- _Data block_:
+-------+

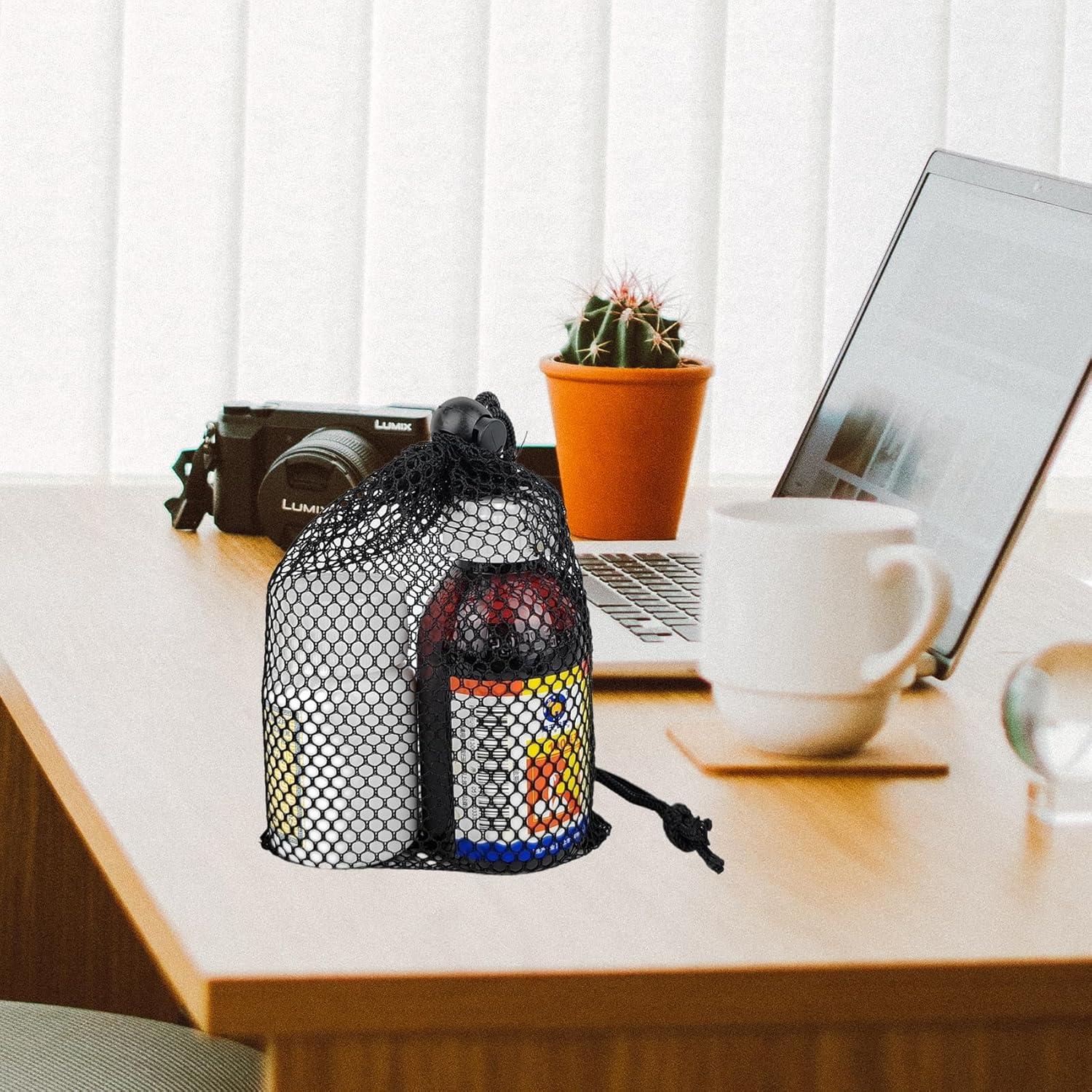 5 Bolsas de Malla Negras con Cierre para Joyería y Viaje 9.9x15cm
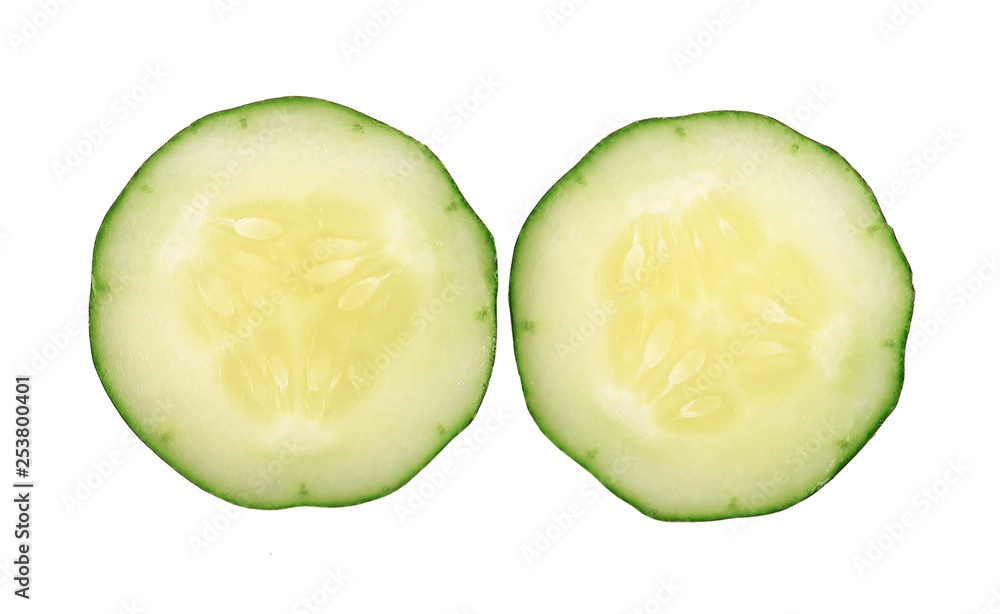 Cucumber slice on white background Cucumber slice on white background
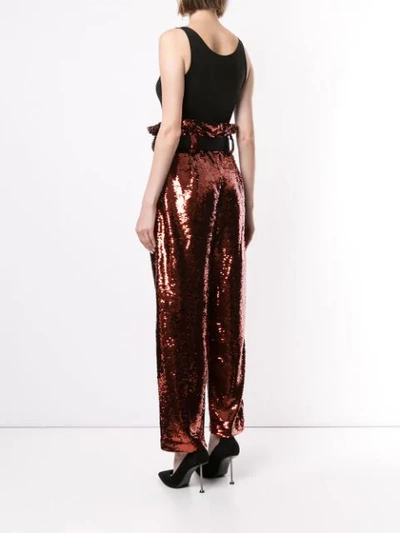 Shop Racil Divine Sequin Embroidered Trousers In Red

+-------+

- _Your goal_: Please output the lines from the line that holds "Cucumber slice on white background Cucumber" through the final line of the material above, both included. Each line must match exactly, and pictures must be excluded.

- _Response for this exercise_:
 Cucumber slice on white background Cucumber slice on white background
 Shop Racil Divine Sequin Embroidered Trousers In Red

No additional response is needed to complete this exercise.